WHAT THE TASK ASKS: The result should be the lines from the one holding "Patchwork Pumpkin Patch" to the end of the records below, repeated exactly. No pictures.

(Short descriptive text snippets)
....

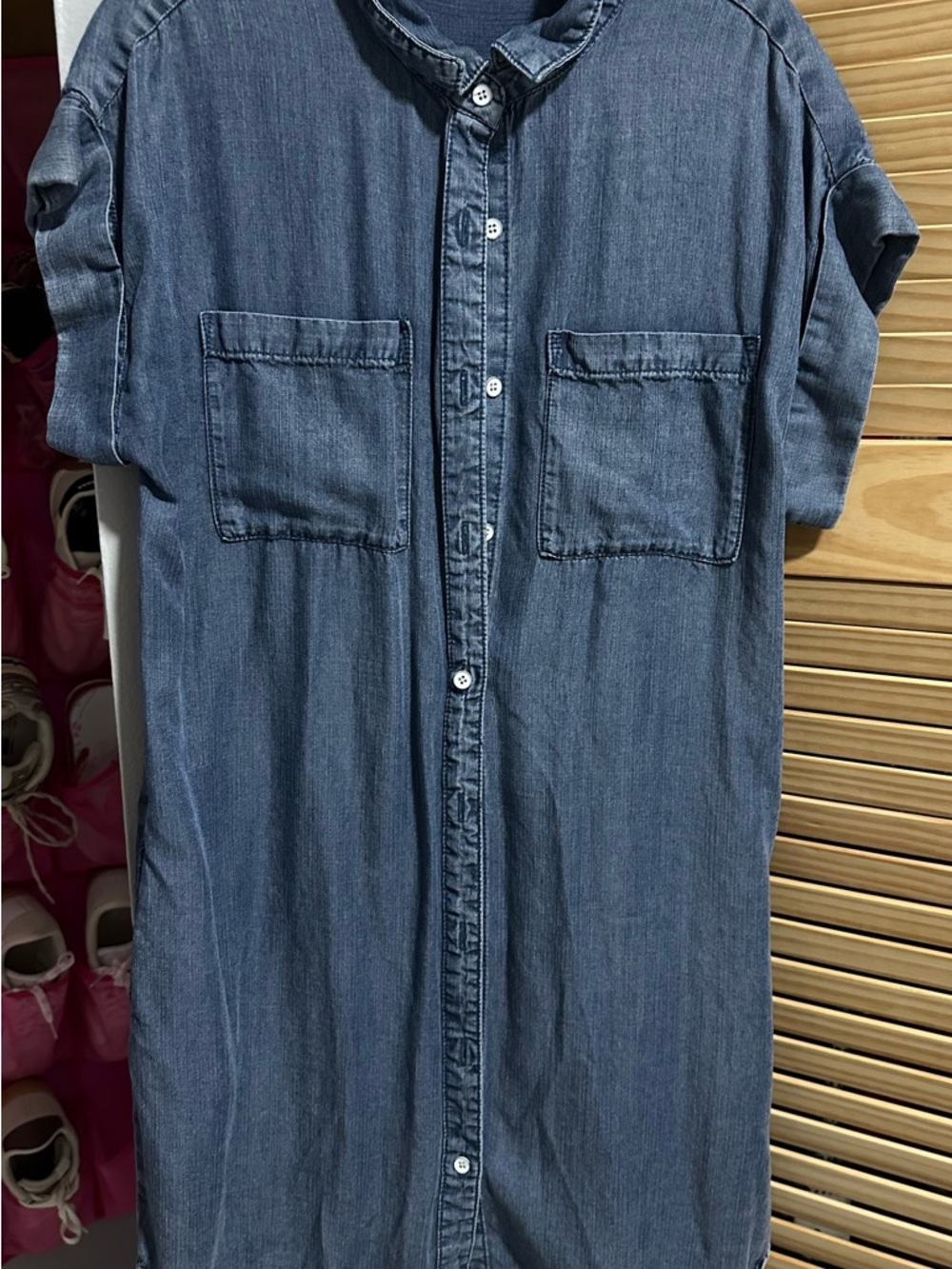 T.J.Maxx Blue Denim Button-Front Beach Coverup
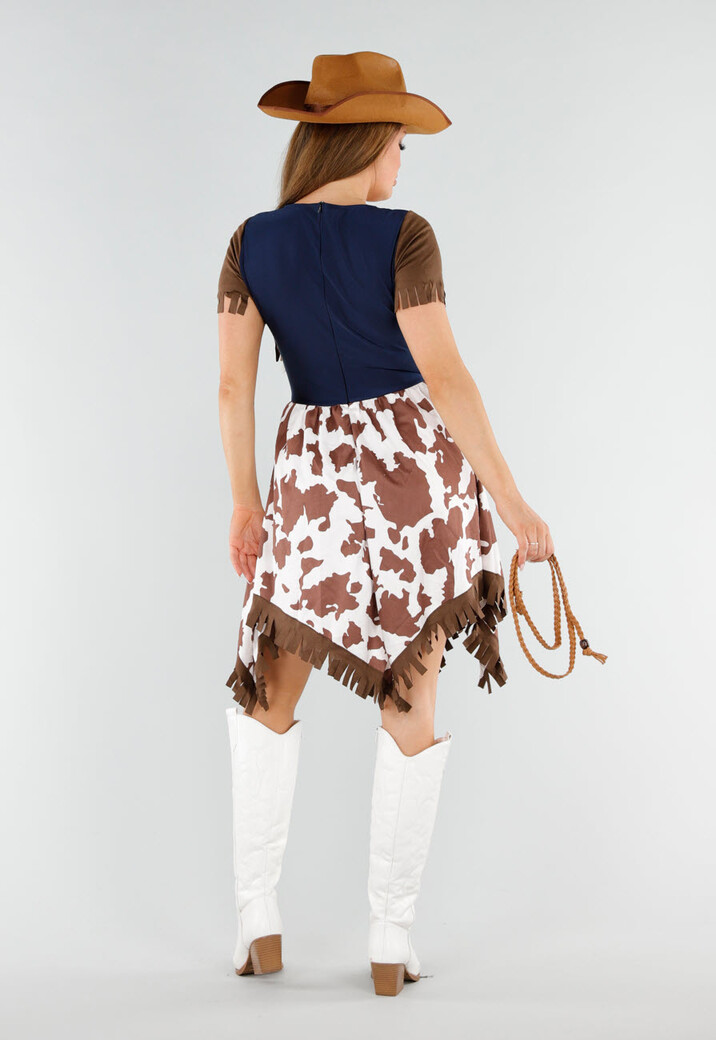 Cowgirl Kostuum met Witte Top Bruine Franjes en Koeienprint Rok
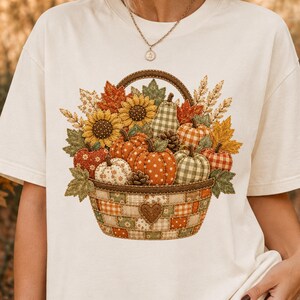 Patchwork Pumpkin Patch PNG, Quilted Fall Harvest Basket, Gingham Polka dot Pumpkin Sublimation, Farmhouse Autumn Sublimation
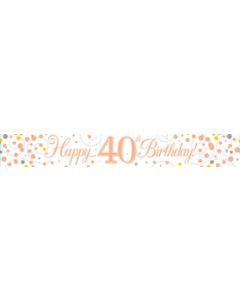 9ft Banner Sparkling Fizz 40th Birthday White & Rose Gold Holographic - 625426/1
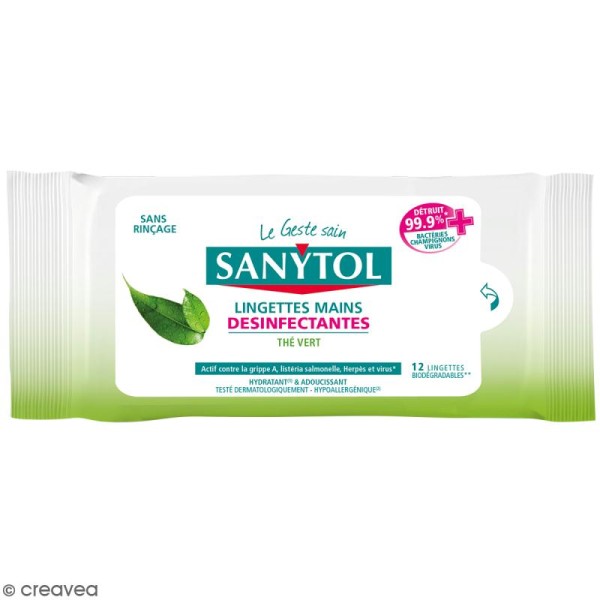 Lingettes mains désinfectantes hydratantes Sanytol - Thé Vert - 12 lingettes - Photo n°1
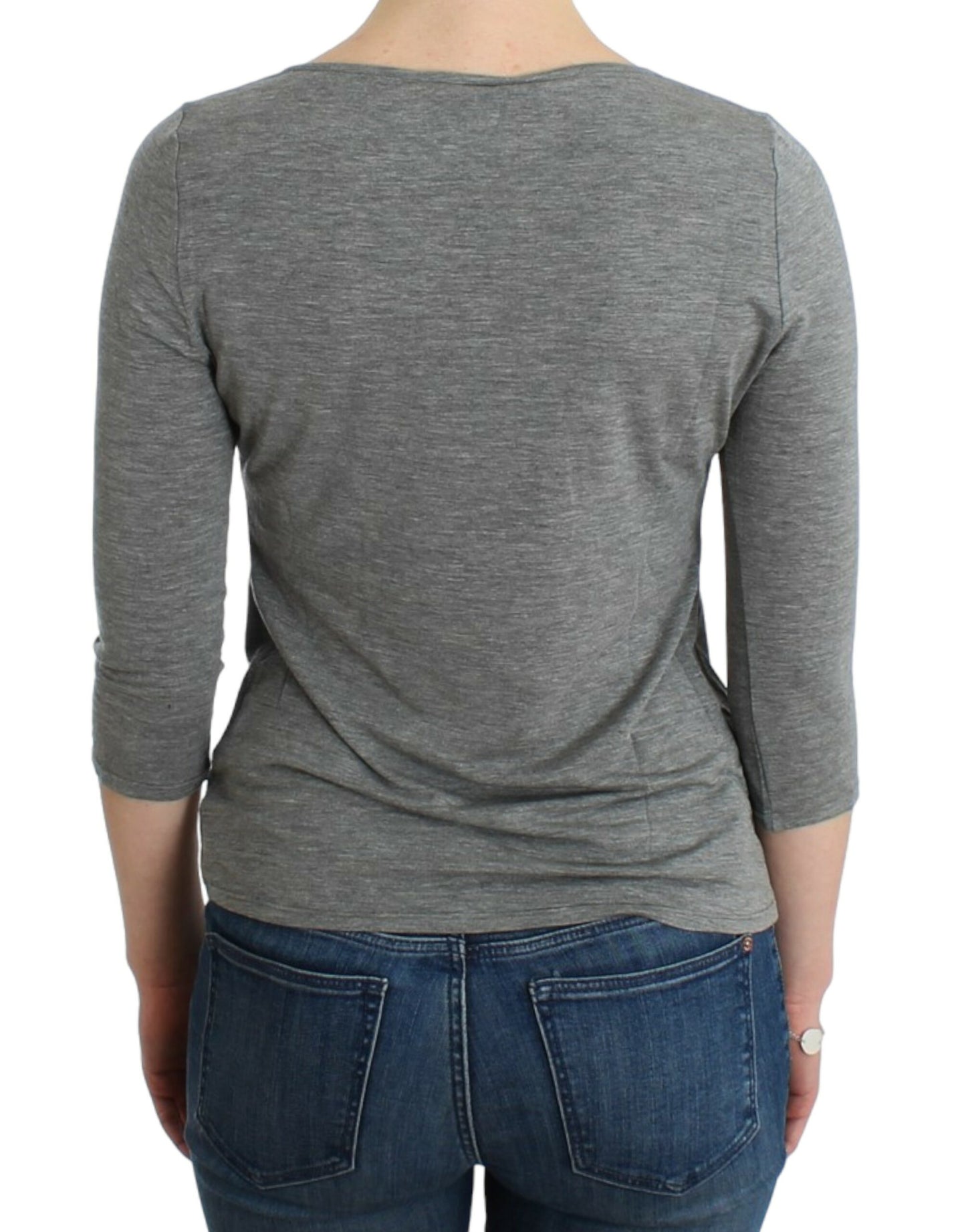 Cavalli Elegant grey cashmere blend sweater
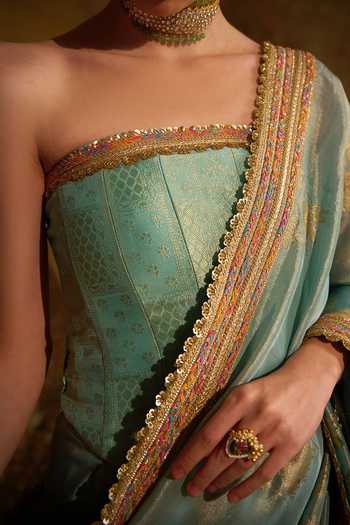 Muskann Kapadiaa Blue Tissue Nandi Kanjivaram Saree at Aza Fashions Muskann Kapadiaa_Blue Tissue Nandi Kanjivaram Saree _at_Aza_Fashions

....

PROBLEM SOLUTION:
 Patchwork Pumpkin Patch PNG, Quilted Fall Harvest Basket, Gingham Polka dot Pumpkin Sublimation, Farmhouse Autumn Sublimation
 9ft Banner Sparkling Fizz 40th Birthday White & Rose Gold Holographic - 625426/1
 Lingettes mains désinfectantes hydratantes Sanytol - Thé Vert - 12 lingettes - Photo n°1
 Cavalli Elegant grey cashmere blend sweater
 Muskann Kapadiaa Blue Tissue Nandi Kanjivaram Saree at Aza Fashions Muskann Kapadiaa_Blue Tissue Nandi Kanjivaram Saree _at_Aza_Fashions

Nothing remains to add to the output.